▶ [Goal of the exercise]: Return the listing below exactly. Leave its pictures out.

▶ [Collected data]:
--- START ---

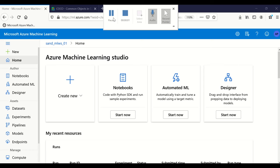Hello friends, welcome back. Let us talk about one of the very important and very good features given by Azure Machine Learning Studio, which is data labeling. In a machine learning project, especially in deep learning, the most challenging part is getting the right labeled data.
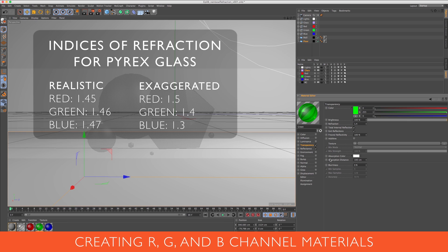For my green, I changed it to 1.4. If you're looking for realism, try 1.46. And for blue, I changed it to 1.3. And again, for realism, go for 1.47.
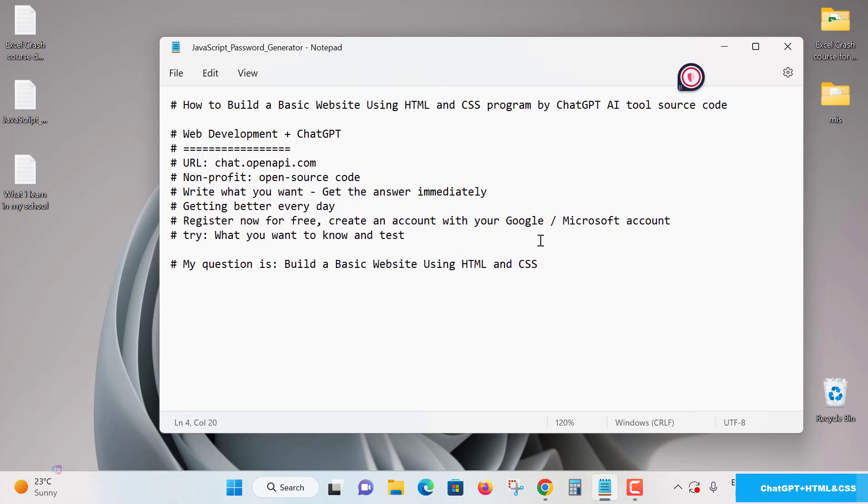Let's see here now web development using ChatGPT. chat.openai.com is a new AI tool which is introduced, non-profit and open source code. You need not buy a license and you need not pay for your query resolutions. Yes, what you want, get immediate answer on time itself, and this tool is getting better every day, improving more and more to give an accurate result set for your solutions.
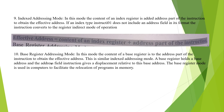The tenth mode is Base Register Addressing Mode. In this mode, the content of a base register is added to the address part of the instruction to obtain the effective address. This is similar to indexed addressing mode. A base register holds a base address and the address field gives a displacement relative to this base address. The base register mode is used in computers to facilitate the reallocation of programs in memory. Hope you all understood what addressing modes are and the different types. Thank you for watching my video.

--- END ---

▶ [Solution]:
Hello friends, welcome back. Let us talk about one of the very important and very good features given by Azure Machine Learning Studio, which is data labeling. In a machine learning project, especially in deep learning, the most challenging part is getting the right labeled data.
For my green, I changed it to 1.4. If you're looking for realism, try 1.46. And for blue, I changed it to 1.3. And again, for realism, go for 1.47.
Let's see here now web development using ChatGPT. chat.openai.com is a new AI tool which is introduced, non-profit and open source code. You need not buy a license and you need not pay for your query resolutions. Yes, what you want, get immediate answer on time itself, and this tool is getting better every day, improving more and more to give an accurate result set for your solutions.
The tenth mode is Base Register Addressing Mode. In this mode, the content of a base register is added to the address part of the instruction to obtain the effective address. This is similar to indexed addressing mode. A base register holds a base address and the address field gives a displacement relative to this base address. The base register mode is used in computers to facilitate the reallocation of programs in memory. Hope you all understood what addressing modes are and the different types. Thank you for watching my video.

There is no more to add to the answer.